All of this is a ploy by the RIAA and the DOJ to force people into settling without ever reaching the constitutional question. As proven time and time again, groups like the RIAA don’t want to take these things to court. Instead of being forced to answer questions about the constitutionality of their absurd claims that a single song costs them thousands in damages, they want to force defendants to settle in the lower courts.
The RIAA has stopped targeting individuals though, so maybe Tenenbaum should just settle. Nothing like this will happen again, right? Wrong says Nesson as he points out that other groups, especially porn studios, have taken up the RIAA’s old tactics. It would be in the nation’s best interest if the Supreme Court were to offer an opinion so that all current litigation can be laid to rest.
Nesson also points out that every copyright case that the RIAA uses to defend their right to sue citizens for absurd amounts of damages comes from the old 1909 copyright law. The updated law from 1976 makes it so that plaintiffs are only awarded what they truly lost instead of the ridiculous statutory damages.
The true crux of Nesson’s argument is in the third section though. Here is where he lays down the true motive behind the RIAA’s assault on individuals:
RIAA’s litigation assault on individual file-sharers, Tenenbaum and Thomas-Rasset among them, is procedurally unfair and profoundly unethical. It pits an industry against an individual and punishes the individual for what others have done and will do. It seeks to punish him beyond any rational measure of the damage he conceivably caused, not for the purpose of recovering compensation for actual damage caused by him, nor for the primary purpose of deterring him from further copyright infringement, but for the ulterior purpose of creating an urban legend so frightening to children using the internet, and so frightening to parents and teachers of students using the internet, that they will somehow reverse the tide of the digital future. The individual is to be grievously punished as an act of public education.

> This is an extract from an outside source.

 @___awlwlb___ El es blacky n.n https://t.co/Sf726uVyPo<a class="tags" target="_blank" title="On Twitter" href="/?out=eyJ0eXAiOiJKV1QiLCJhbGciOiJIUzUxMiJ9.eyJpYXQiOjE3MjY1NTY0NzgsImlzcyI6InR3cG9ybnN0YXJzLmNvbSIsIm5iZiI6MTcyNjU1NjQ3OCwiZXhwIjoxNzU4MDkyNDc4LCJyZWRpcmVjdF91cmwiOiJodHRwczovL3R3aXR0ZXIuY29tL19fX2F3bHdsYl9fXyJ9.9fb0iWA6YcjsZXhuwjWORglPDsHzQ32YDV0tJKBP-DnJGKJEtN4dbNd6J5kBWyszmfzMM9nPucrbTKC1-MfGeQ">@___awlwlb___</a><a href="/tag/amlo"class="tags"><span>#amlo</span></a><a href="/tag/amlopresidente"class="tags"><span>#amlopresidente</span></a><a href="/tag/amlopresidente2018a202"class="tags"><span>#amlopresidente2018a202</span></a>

He also makes the excellent point that one man’s actions can not be made tantamount to the actions of million of file sharers around the world. It’s almost like the RIAA is punishing Tenenbaum for the millions of shared files going around the world at this very minute when in fact he only downloaded 23 songs.
Plaintiffs attempt to substitute the action of one individual for the actions of millions. They seek to leverage the damage attributable to all file sharing tojustify heinous punishments for one. Tenenbaum, acting as one individual, did not (and could not) cause the injuries the RIAA describes. Nor is he answerable for the amount of damages that they seek to collect from him. File sharing as a whole caused the injuries about which the RIAA complains. Had Tenenbaum never shared, the songs would have been shared and available nonetheless. Tenenbaum did not create filesharing and he was not in any way critical to its spread or its effects. It cannot be that he, individually, caused the destruction of the complete value of each of plaintiffs’ copyrighted works. It was not Tenenbaum alone who reduced income and profits for the recording industry; it was not Tenenbaum who cost employees their jobs — it was the global millions engaged in filesharing that did all this
It’s a valid question that the Supreme Court needs to address. Of course, the RIAA has already found their solution – trying to block access to, or shutting down, sites that they see as a threat to their monopoly over creative works. It’s already proven that it doesn’t work so it’s only a matter of time before the RIAA starts going after dead people and grandmothers with settlement letters.